The dialyzer described above is used to perform extracorporeal dialysis, i.e. hemodialysis. But there is also the so-called peritoneal dialysis. The peritoneal membrane is used to filter the blood - thin and smooththe serosa that lines the abdominal cavity and covers the organs within it. Using the Tenckhoff catheter, which is placed permanently in the abdominal cavity of the patient (most preferably at the bottom of the peritoneal cavity - the so-called Douglas cavity), dialysis fluid (about 2 liters) is introduced into the peritoneal cavity and left for about 20-30 minutes. The contaminated fluid is then removed back through the same catheter. Most importantly, a person is not immobilized, and with proper hygiene, peritoneal dialysis can be performed alone, at home. Often, however, patients struggle with troublesome complications, such as peritonitis, infections in the catheter area and hernias. In addition, the filtration capacity of the peritoneal membrane decreases over time, and at some point you will have to switch to classical dialysis anyway. On the other hand, peritoneal dialysis saves blood vessels that will be needed later when hemodialysis is started.

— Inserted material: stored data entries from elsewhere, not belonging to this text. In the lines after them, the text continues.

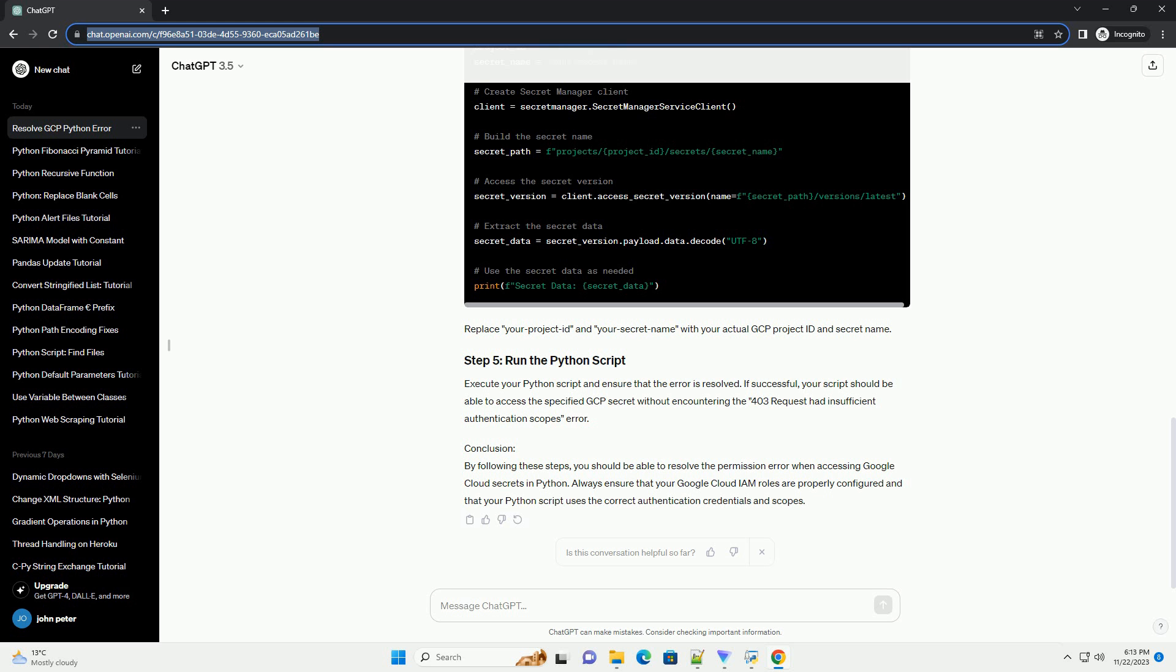Conclusion: By following these steps, you should be able to resolve the permission error when accessing Google Cloud Secrets in Python. Always ensure that your Google Cloud IAM roles are properly configured and that your Python script uses the correct authentication credentials and scopes.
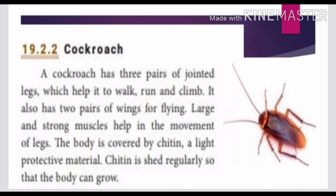Large and strong muscles help in the movement of the legs. The body is covered by a hard outer covering. The outer covering, or exoskeleton, is shed regularly so that the body can grow.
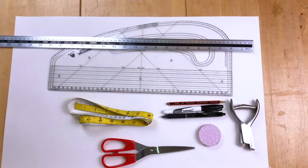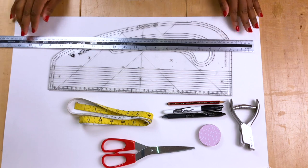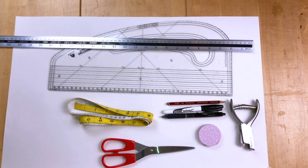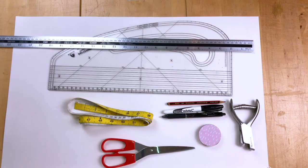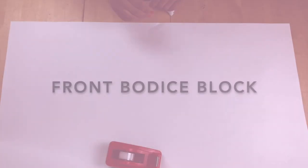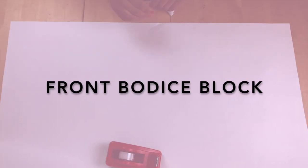For this tutorial you will need: a ruler, tape measure, marker, scissors, rubber, and a long ruler. You also need the following measurements. If you haven't watched my other video on how to measure yourself, I highly recommend it — I'll leave the link below or on the cards. Now let's get started by doing the front bodice block.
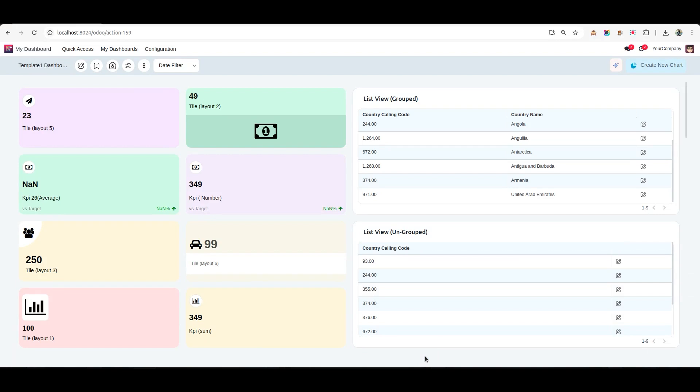Hello everyone and welcome to the demonstration video of Dashboard Ninja with AI. Today we'll walk you through the process of creating dynamic charts using data from CSV and Excel files. Let's dive right in.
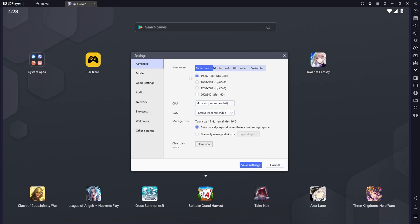Now first thing here we see is our resolution. My desktop computer is running on a 1920x1080 monitor, so that's what I have it set to. The CPU and the RAM down here really dictate the performance of your emulator.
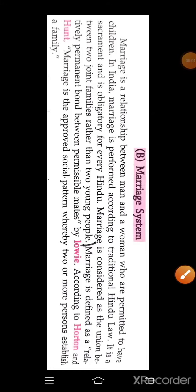Myself Seema Makwana, and today we are going to discuss about the marriage system in the sociology of the second year BSc Nursing.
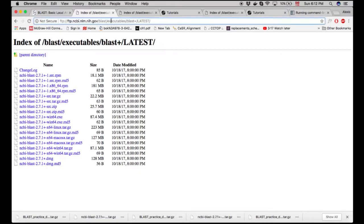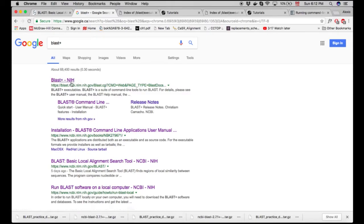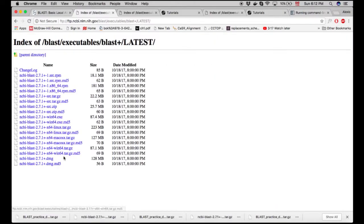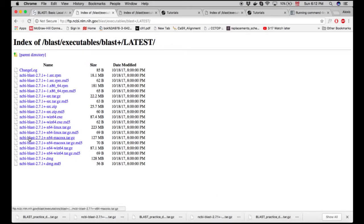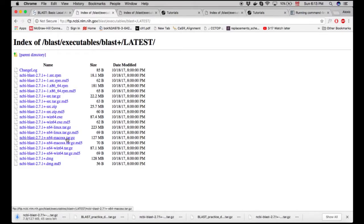To do so, just search for BLAST-Plus in your favorite web browser and click on the first result associated with the NIH. Once there, click on the first link and you'll be prompted to download the file. I'll download the macOS X tarball version. You can choose the RPM for Linux, general Linux, or the Windows version depending on your system.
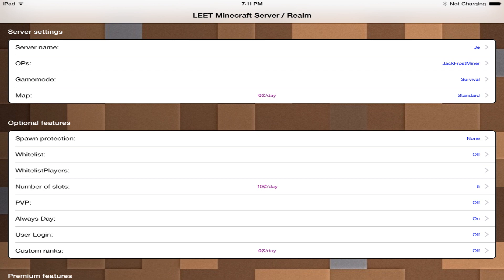But yeah this is the interface of the application, it's very simple. Once you set it up just search it in the app store Elite Realms or Elite Servers you should find it. Once you set it up it will give you your own IP and port and then you can have a ton of different settings that go along with your server.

Portable artificial kidney and other modern dialyzers

In Poland, over a dozen thousand people (in the world it is 13 million) live and function normally thanks to the fact that they report to a dialysis station for a procedure several times a week. It is tedious and exhausting. It should also be added that due to the increasing prevalence of diabetes and hypertension, the number of such people is still growing. Therefore, scientists are working on the improvement and minimization of dialyzers in order to improve the patients' quality of life as much as possible. There are already such devices, although still in the testing phase, that you can put on like a tool belt and walk with it. And scientists from the University of California are working on an artificial kidney the size that allows it to be implanted in the human body. They use live kidney cells, grown and tissue engineered into the device. They play a metabolic role and participate in the regulation of water and electrolyte balance. In this way, the artificial kidney performs the same function as the transplanted organ. The entire process is driven by the pressure of the blood flowing in the vessels. No additional pumps or external energy sources are needed. In addition, the patient is not forced to take immunosuppressive drugs. Let's hope that an implantable artificial kidney will soon become a viable solution for patients with kidney failure.